Si era svegliato in un ambiente estraneo.
Era steso su un letto di ospedale, le lenzuola bianche gli coprivano il corpo fino al petto e sopra di lui il soffitto era illuminato da una luce asettica e artificiale.
Gli doleva la testa.
Non ricordava come era finito lì (perché la flebo era collegata al suo braccio e gli dolevano le gambe a quel modo?) né perché ci fosse.
Si era tirato a sedere, un cerchio alla testa lo aveva costretto a rallentare i suoi movimenti e, subito dopo, si era dovuto sdraiare di nuovo attendendo che il malessere e la nausea generale che lo avevano colto passassero subito.
Non sembrava esserci nessuno a parte lui.
La stanza in cui si trovava aveva altri due letti, perfettamente rifatti.
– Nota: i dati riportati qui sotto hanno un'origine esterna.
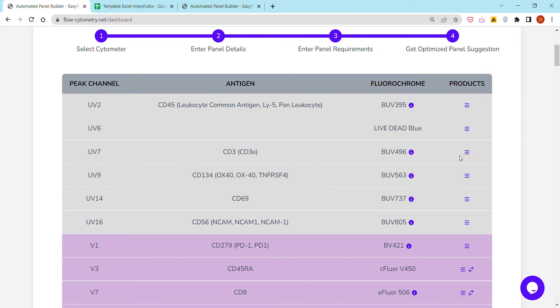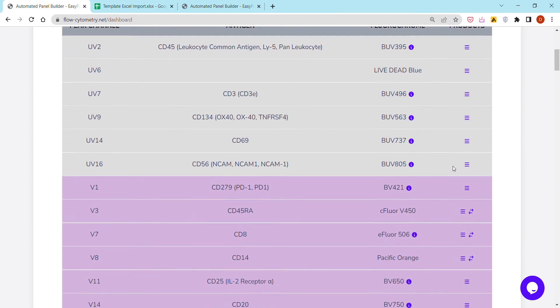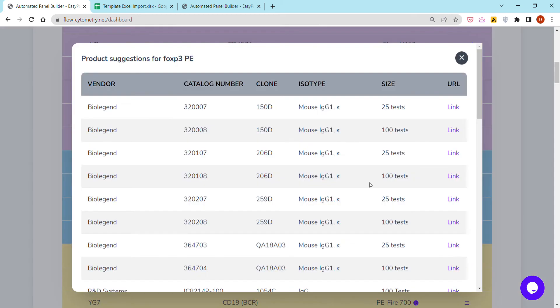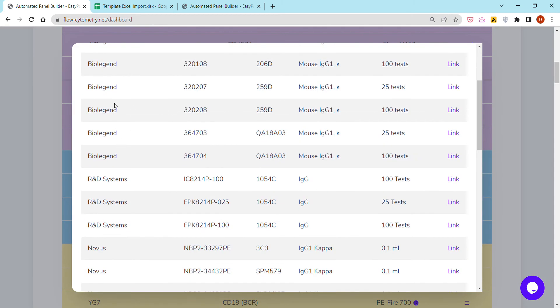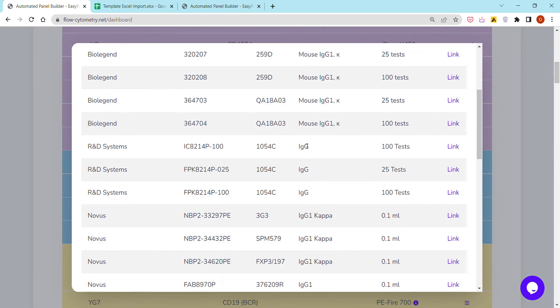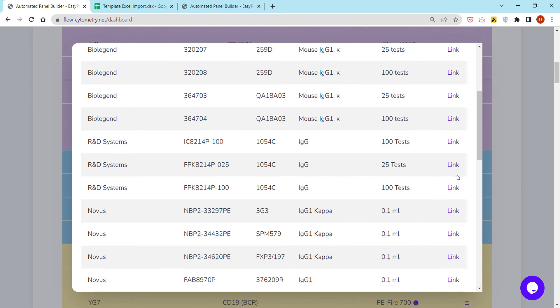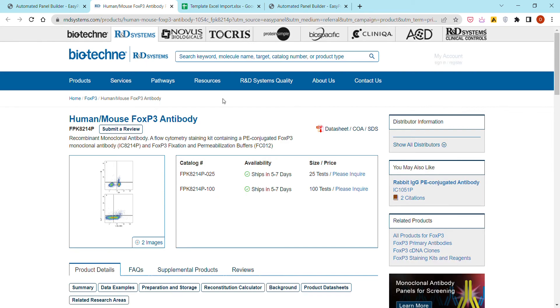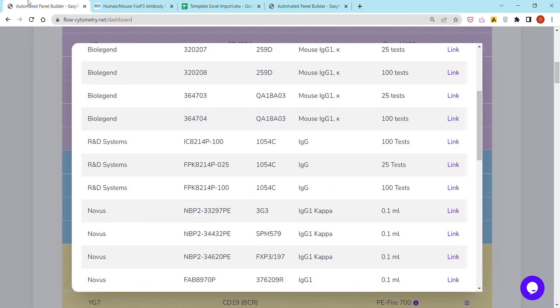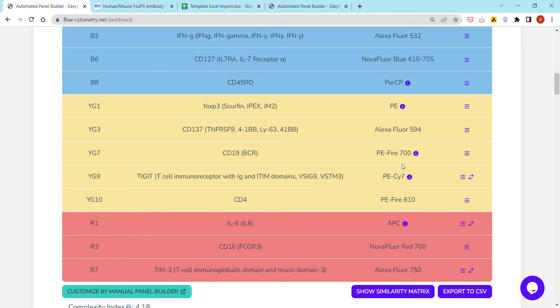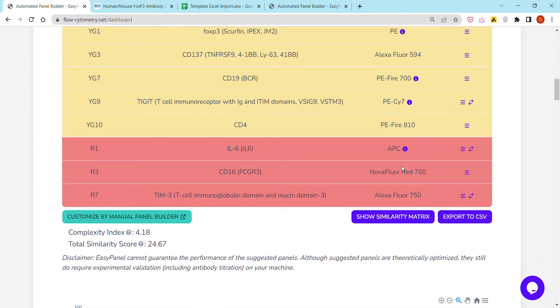Commercial products. So for example here, FoxP3, you can check this and it will show you the different commercial products grouped by vendor, as well as the name of the clones. You can click on whichever link you're interested in and you would get redirected to the vendor's page.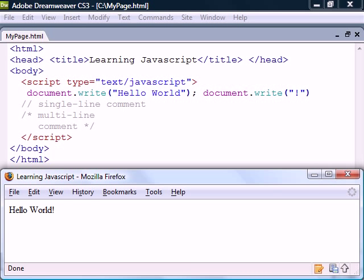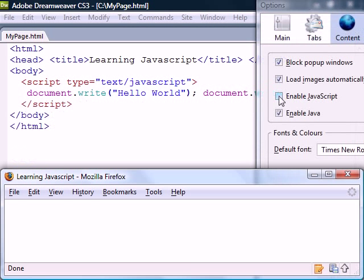However, it also means that it's up to the client whether the script is executed or not. The client may have disabled JavaScript or use an old browser that does not support it. If the browser does not support JavaScript, it will just display it as normal HTML.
Lunghe tende bianche coprivano la finestra; dietro di esse, però, non sembrava passare alcuna luce.
Aveva cercato a tentoni il pulsante per chiamare gli infermieri, qualcosa che lo mettesse in contatto con il personale, invano.
Alla fine, dopo una lunga attesa, era riuscito ad alzarsi, finalmente, e mettere i piedi nudi sul pavimento.
Non aveva avvertito il tipico freddo che scuoteva le membra quando si entrava a contatto con la superficie. Solo in un secondo momento si era reso conto che non avvertiva nulla.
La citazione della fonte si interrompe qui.